───── DATA RECORDS ─────

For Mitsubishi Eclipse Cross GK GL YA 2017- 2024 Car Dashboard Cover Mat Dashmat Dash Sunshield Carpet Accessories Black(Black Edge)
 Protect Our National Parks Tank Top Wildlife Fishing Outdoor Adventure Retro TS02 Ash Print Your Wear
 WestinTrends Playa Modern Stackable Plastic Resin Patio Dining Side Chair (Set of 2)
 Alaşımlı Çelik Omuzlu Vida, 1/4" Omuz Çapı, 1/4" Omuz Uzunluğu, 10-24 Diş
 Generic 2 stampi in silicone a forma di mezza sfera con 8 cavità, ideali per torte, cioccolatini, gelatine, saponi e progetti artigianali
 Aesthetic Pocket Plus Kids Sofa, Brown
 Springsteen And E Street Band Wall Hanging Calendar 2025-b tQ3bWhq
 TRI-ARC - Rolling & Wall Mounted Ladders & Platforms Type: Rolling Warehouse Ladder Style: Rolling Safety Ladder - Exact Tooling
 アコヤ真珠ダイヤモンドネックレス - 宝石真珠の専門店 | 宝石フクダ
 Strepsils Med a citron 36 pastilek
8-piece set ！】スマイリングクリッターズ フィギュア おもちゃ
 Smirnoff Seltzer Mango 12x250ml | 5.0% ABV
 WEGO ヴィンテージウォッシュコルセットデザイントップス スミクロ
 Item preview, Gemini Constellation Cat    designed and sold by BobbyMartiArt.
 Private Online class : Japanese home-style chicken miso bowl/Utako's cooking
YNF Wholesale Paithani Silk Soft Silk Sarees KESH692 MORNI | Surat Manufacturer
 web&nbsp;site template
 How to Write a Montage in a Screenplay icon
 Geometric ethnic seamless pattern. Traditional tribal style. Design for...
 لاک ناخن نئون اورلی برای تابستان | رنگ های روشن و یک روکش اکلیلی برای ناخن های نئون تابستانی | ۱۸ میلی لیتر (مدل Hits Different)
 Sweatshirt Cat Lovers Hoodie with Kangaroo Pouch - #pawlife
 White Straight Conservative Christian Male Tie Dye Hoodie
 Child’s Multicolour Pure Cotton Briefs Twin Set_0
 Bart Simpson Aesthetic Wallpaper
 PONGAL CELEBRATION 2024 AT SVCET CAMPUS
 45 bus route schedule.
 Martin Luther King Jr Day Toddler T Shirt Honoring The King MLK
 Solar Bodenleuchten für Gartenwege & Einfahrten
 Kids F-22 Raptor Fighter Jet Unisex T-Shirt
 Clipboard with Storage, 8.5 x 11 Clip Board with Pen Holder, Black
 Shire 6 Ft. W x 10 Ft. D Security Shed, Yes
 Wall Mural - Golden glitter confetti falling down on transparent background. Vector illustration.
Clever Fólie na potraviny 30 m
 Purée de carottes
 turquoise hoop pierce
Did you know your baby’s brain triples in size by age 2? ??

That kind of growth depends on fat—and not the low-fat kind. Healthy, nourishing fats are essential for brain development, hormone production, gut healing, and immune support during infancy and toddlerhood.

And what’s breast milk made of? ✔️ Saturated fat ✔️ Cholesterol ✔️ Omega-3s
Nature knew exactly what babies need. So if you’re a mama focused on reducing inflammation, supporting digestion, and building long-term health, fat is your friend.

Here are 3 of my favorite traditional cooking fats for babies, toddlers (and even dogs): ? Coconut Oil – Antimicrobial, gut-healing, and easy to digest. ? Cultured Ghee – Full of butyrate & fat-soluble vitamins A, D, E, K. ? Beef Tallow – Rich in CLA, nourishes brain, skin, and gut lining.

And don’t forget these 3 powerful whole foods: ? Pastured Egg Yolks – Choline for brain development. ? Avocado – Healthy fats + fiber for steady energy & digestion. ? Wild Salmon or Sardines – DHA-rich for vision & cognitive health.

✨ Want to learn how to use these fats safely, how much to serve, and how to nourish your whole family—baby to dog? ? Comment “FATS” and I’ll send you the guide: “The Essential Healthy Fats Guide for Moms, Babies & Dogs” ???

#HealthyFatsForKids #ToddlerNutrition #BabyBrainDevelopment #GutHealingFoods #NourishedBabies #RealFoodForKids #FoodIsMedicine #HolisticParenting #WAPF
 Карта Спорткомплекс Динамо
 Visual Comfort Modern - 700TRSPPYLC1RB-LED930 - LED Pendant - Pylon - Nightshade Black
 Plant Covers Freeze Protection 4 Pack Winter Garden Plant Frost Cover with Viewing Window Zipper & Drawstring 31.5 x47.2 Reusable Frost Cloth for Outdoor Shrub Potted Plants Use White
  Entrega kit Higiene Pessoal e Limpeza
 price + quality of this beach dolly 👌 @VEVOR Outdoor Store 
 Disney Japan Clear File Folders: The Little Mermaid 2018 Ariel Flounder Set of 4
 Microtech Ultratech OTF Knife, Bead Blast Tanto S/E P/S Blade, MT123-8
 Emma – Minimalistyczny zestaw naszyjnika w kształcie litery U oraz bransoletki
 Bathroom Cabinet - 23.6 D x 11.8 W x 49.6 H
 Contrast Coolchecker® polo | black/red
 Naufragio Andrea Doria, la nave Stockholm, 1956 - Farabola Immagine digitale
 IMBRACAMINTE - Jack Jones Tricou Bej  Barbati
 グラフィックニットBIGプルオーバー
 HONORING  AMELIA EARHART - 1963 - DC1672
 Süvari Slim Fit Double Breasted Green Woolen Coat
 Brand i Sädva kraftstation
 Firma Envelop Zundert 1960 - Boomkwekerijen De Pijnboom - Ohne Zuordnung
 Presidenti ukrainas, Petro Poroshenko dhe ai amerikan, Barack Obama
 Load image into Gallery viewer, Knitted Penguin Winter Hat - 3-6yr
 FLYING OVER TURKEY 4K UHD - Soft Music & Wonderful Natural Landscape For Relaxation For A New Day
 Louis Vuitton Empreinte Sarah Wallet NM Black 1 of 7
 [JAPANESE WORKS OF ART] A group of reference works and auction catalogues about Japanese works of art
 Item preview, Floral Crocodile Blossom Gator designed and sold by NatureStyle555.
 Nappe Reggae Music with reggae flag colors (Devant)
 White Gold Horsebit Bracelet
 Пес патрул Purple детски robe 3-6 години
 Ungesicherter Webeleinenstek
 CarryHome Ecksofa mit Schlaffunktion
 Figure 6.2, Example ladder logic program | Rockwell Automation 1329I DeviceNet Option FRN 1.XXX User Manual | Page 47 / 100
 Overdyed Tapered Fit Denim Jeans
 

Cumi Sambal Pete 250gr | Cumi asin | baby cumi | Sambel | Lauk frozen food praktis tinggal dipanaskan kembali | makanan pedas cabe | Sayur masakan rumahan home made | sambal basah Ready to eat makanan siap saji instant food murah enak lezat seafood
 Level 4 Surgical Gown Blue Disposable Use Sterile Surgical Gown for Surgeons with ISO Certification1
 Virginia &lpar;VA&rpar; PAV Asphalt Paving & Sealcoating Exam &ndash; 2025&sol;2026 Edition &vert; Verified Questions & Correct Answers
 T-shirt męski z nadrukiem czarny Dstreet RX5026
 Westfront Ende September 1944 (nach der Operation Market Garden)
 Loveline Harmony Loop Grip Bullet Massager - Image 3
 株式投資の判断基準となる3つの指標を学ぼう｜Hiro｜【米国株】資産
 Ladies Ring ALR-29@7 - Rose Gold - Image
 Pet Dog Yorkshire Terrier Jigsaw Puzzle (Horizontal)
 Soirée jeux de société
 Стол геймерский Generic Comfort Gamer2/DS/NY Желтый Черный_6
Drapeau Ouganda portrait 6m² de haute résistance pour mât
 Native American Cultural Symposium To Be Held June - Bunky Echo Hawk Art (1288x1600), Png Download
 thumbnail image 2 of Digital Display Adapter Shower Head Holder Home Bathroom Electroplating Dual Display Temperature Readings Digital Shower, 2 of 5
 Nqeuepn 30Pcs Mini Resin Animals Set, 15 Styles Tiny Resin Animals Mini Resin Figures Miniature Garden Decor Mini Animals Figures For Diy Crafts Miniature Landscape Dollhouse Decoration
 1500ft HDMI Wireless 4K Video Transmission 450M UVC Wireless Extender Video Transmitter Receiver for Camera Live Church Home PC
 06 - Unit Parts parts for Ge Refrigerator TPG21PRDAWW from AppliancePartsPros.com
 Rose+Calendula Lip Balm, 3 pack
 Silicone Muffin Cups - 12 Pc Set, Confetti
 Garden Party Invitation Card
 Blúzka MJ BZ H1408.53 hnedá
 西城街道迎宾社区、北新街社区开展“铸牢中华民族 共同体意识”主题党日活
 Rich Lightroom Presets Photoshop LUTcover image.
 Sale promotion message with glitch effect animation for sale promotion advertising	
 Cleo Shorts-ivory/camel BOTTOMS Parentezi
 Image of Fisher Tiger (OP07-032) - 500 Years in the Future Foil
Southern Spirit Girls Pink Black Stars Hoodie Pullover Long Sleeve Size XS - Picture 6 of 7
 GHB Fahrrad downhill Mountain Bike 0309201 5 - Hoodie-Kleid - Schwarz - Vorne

─────

WHAT YOU SHOULD DO
Lines above that include the string "these" need to be copied.

REPLY
And don’t forget these 3 powerful whole foods: ? Pastured Egg Yolks – Choline for brain development. ? Avocado – Healthy fats + fiber for steady energy & digestion. ? Wild Salmon or Sardines – DHA-rich for vision & cognitive health.
✨ Want to learn how to use these fats safely, how much to serve, and how to nourish your whole family—baby to dog? ? Comment “FATS” and I’ll send you the guide: “The Essential Healthy Fats Guide for Moms, Babies & Dogs” ???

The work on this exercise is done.